Há detalhes que demandam maior cuidado, como a sua atenção a rima e suas denotações técnicas, pés e versos alternando com descrições eróticas de tal forma que a tessitura do poema vai sendo comparada a cópula, há uma descrição minuciosa do clichê da defloração, um preâmbulo cifrado que vai moldando as marcas de tempo desde a ternura do encantamento do primeiro verso até o êxtase do gozo em inumerável delícia, um verso bárbaro onde “inumerável” realiza fundo denotativo e conotativo em qualquer leitura deste verso.

Inicialmente o livro A Paixão Medida foi publicado de encomenda para um seleto publico, posteriormente foi destinado ao grande público e ainda hoje renova a sensibilidade leitora dos diletantes da poesia.

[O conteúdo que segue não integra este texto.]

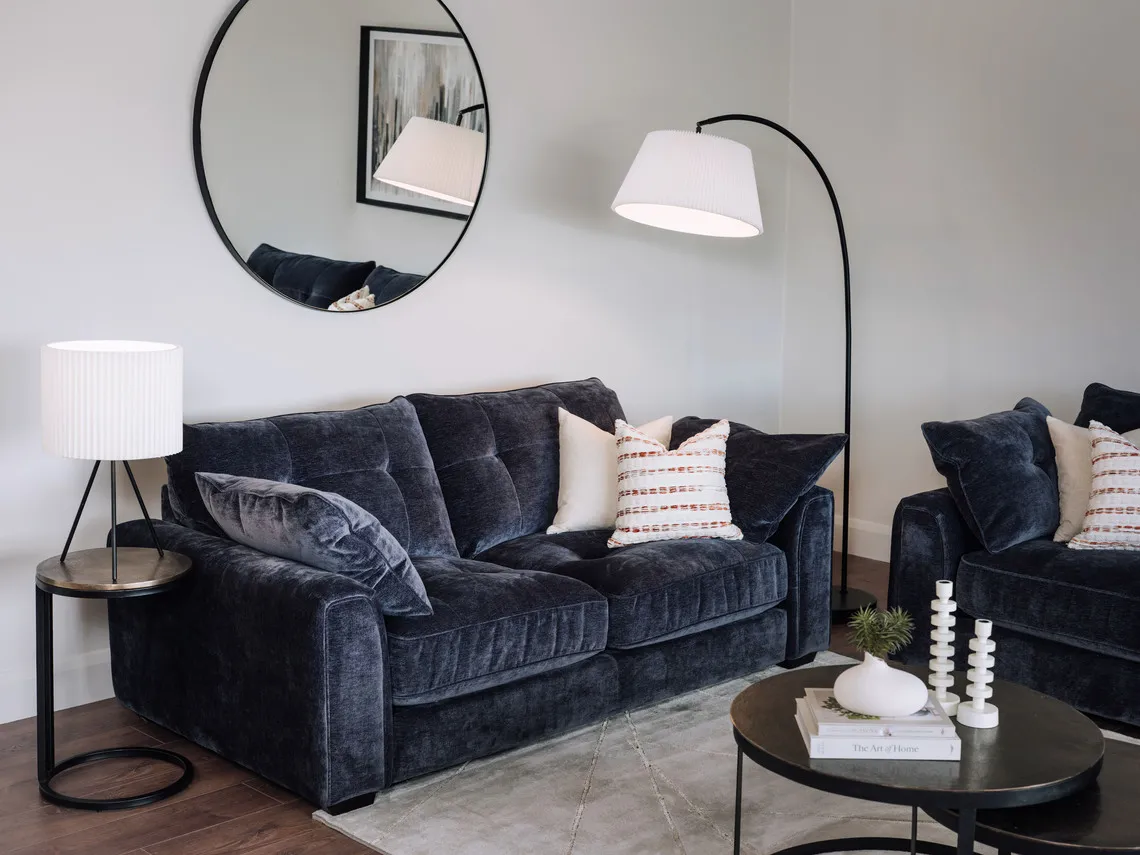 A lifestyle image of the Darcy sofa with arc and starleet lamps with elling mirror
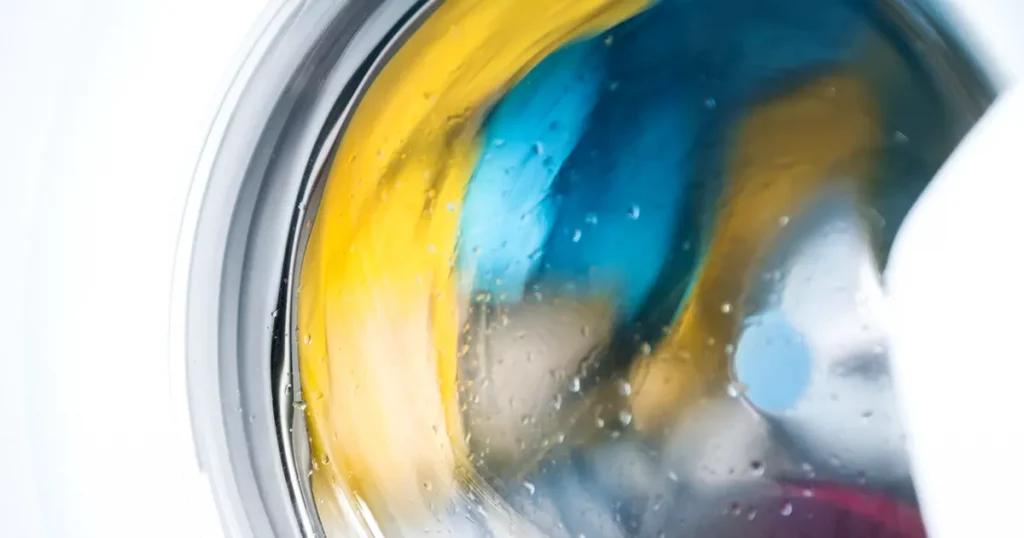 Process of cleaning color cloth in washing machine, stainless drum inside with wet towels, closeup, nobody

Há muita discussão sobre escrever com razão ou emoção, impossível haver vencedor quando só há estas opções; razão e emoção não se anulam, escrever não faz parte das nossas particularidades naturais é um saber que vai sendo constituído e agregando elementos para uma relação cada vez mais minuciosa diante dos textos, seja lendo ou produzindo razão e emoção estarão presentes desde a sensibilidade até a expressividade pela via formal da escrita.

Drummond põe as coisas nestas medidas, alfineta tratados de versificação ao recusá-los como cânone, mas não abdica da historicidade que sua sistematização proporciona, falseia uma escrita em versos livres enquanto elabora sofisticada leveza em diversos ritmos clássicos dentro de uma mesma estrutura poética. Provável que estes dois poemas escapassem da atenção do leitor menos afeito ao universo da versificação, mas a quem se destina estes poemas, abre-se um mundo, sem fronteiras e sem patrões.

Bibliografia:

Pequeno dicionário de arte poética – Campos, Geir – Cultrix 1978

A paixão medida – Andrade, Carlos Drummond. – Record 1980.

Tratado de versificação – Bilac, Olavo, Guimarães Passos. – Editora Moderna 1941.